1 files changed, 108 insertions, 0 deletions
diff --git a/man/6/utf b/man/6/utf
new file mode 100644
index 0000000..12832a1
--- /dev/null
+++ b/man/6/utf
@@ -0,0 +1,108 @@
+.TH UTF 6
+.SH NAME
+UTF, Unicode, ASCII, rune \- character set and format
+.SH DESCRIPTION
+The Inferno character set and representation are
+based on the Unicode Standard and on the ISO multibyte
+.SM UTF-8
+encoding (Universal Character
+Set Transformation Format, 8 bits wide).
+The Unicode Standard represents its characters in 21
+bits;
+.SM UTF-8
+represents such
+values in an 8-bit byte stream.
+Throughout this manual,
+.SM UTF-8
+is shortened to
+.SM UTF.
+.PP
+Internally, programs store individual Unicode characters as 32-bit integers,
+of which only 21 bits are currently used.
+Documentation often refers to them as `runes', following Plan 9.

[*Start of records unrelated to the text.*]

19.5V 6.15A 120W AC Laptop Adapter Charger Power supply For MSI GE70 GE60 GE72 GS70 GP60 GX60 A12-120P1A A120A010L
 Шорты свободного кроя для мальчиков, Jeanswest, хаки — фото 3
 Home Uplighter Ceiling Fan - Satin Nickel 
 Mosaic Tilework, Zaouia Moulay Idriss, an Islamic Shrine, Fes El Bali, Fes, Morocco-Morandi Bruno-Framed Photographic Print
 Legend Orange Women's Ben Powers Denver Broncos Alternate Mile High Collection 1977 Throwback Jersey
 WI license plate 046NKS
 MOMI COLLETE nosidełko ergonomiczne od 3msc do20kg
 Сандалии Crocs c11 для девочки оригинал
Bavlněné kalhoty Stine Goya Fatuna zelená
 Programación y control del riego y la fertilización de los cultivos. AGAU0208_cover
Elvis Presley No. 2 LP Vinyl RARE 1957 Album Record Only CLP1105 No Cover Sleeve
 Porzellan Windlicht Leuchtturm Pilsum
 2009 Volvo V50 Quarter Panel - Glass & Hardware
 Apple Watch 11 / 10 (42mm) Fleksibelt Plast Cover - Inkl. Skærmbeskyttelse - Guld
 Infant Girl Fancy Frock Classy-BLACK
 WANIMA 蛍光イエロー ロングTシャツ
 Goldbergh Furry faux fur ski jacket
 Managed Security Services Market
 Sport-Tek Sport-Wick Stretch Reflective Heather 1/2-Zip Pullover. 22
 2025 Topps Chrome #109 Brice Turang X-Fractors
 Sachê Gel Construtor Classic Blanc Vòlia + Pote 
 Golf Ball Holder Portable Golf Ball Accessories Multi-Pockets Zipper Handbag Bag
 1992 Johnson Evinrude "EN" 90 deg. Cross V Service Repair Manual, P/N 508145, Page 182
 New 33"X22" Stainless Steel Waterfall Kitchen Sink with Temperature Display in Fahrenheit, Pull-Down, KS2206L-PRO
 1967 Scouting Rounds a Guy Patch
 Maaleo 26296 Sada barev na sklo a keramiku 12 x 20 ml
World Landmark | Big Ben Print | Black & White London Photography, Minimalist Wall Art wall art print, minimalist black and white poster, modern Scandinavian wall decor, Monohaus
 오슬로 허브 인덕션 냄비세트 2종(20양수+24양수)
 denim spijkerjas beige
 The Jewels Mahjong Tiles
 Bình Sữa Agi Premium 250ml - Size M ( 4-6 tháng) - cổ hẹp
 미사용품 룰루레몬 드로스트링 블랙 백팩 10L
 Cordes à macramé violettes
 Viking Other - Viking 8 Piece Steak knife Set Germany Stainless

+However, any external manifestation of textual information,
+in files or at the interface between programs, uses the
+machine-independent, byte-stream encoding called
+.SM UTF.
+.PP
+.SM UTF
+is designed so the 7-bit
+.SM ASCII
+set (values hexadecimal 00 to 7F),
+appear only as themselves
+in the encoding.
+Characters with values above 7F appear as sequences of two or more
+bytes with values only from 80 to FF.
+.PP
+The
+.SM UTF
+encoding of the Unicode Standard is backward compatible with
+.SM ASCII\c
+: programs presented only with
+.SM ASCII
+work on Inferno
+even if not written to deal with
+.SM UTF\c
+,
+as do
+programs that deal with uninterpreted byte streams.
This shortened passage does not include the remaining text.